# Alternatives to "pinned pedals" ??



## Dave7 (24 Jul 2012)

As a follow up to my previous questions .......just before I order new pedals.
Several people mentioned cuts/scratches etc from the pins-so............

1. Are cuts/scratches a part of using "pinned pedals"
2. If so, why not use serrated typed pedals ?

I'm part wuss & part whimp so dont fancy ripping my legs to bits on every ride


----------



## Norm (24 Jul 2012)

I've been off-roading on pedals with pins for around a million years and haven't a scratch yet. I just bought a new pair a couple of weeks ago to replace the cheap standard flats on my son's Sirrus and he says it's like riding a new bike.


----------



## billflat12 (24 Jul 2012)

aagghhhh old style bear-traps or terror-pins, depends on your type of riding., dmr v8 pedals an a pair of 5,10,s are the best way to go for flats , bit pricy but defiantly worth it !!!!
There are copies and cheaper alternatives by others but never tried them myself.
Seriously your only likely to suffer pedal cuts/scratches if you have have an off , so good grip is a must if you need to maintain a good balance.
( unless your trip over your bike pushing.)
You could try clip-less, great for climbing but embarrassing if you forget or don,t twist out in time .
A good basic mtb favorite like shimano,s m520 are usually so easy to get on with & great for xc


----------



## Cubist (24 Jul 2012)

Pedal rash is likely if your foot comes adrift from the pedal on techy stuff. There are plenty of stories in the "gnarlier" communities, where, as I said in the other thread, folk tend to remove the centre rear pin "just in case."

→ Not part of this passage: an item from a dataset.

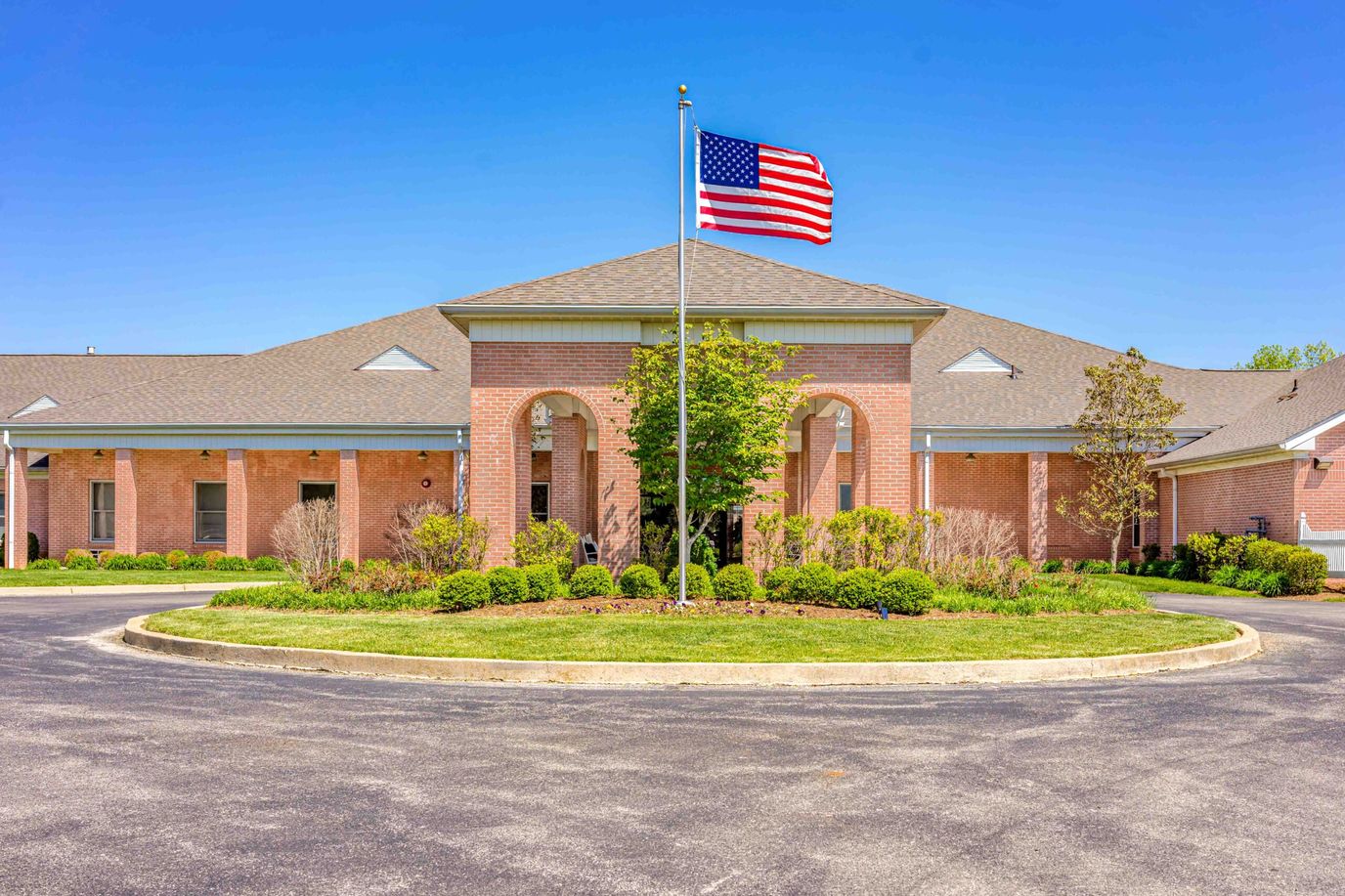 Exterior view of assisted living facility with flag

Pinned pedals coupled with sticky-waffle-soled shoes are a great combination, and far better than the old skool serrated alloy pedal surrounds. In fact, I'd be more concerned about using the serrated type for the very reason they are more likely to slip. My daughter has a 10-stitch scar on her shin from an old cage pedal. 

Go for some nice pinned pedals, but take out the killer pin, (or be brave and go clipless!!!!)


----------



## Dave7 (25 Jul 2012)

Cubist said:


> Go for some nice pinned pedals, but take out the killer pin,


 
Can I remove this pin on any pedal or only on the "thro" type ?


----------



## billflat12 (25 Jul 2012)

The cheaper pedals usually have fixed pins.
You can pick up the legendary dmr v8,s from £20 at almost any bike shop , halfords charge £22 same as chain reaction who do free next day delivery, they have 10pins per side 6 fixed & 4 removable, these removable pins also come in 4mm 6mm & 8mm sizes
Dmr,s also come in many colours ( silver wont show up paint chips from pedal strikes )
wellgo v8 copies are the same design having a grease port & ball bearings, same 10 pins each side, Chain reaction charge £13 for v8 or £22 for the basic v12 copies with sealed cartridge bearings & fully removable pins.
( removed from underneath with a phillips screwdriver )


----------



## Cubist (25 Jul 2012)

The V8 pedals have removable pins in the four corners. The middle pins are fixed. V 12 are all removable. You asked in one of your other threads about the difference with thru pins. They are fixed from underneath, so no matter how worn they get they can still be removed, whereas standard pins have Allen slots on top which can fill with mud, grit or gt misshapen with wear. Superstar pedals are a lot flatter in profile than V 12s and lighter.


----------



## akb (26 Jul 2012)

I upgraded my standard plastic pedals on the Rockhopper as they were too slippery. Now running on DMR V8s and not yet slipped off the pedals on the local trails. I like the pins, even though they do look pretty deadly. For grip, they are perfect for my needs.


----------



## MacB (26 Jul 2012)

I've got two sets of the superstar Nanos and would buy them again, I use 5/10 Impact shoes and haven't felt the need to remove any pins. It is a very grippy combination though and actually nicer once it's a bit worn.


----------



## billflat12 (26 Jul 2012)

On another note , I recently picked up these £5.99 classic alloy flats in town for a hybrid that,s used for bimbling along towpaths & loose surface paths , moulded pins are wide & flat, superior to basic nylon & more comfortable than older style bear-traps , even more surprising build quality,s ok & they feel smooth.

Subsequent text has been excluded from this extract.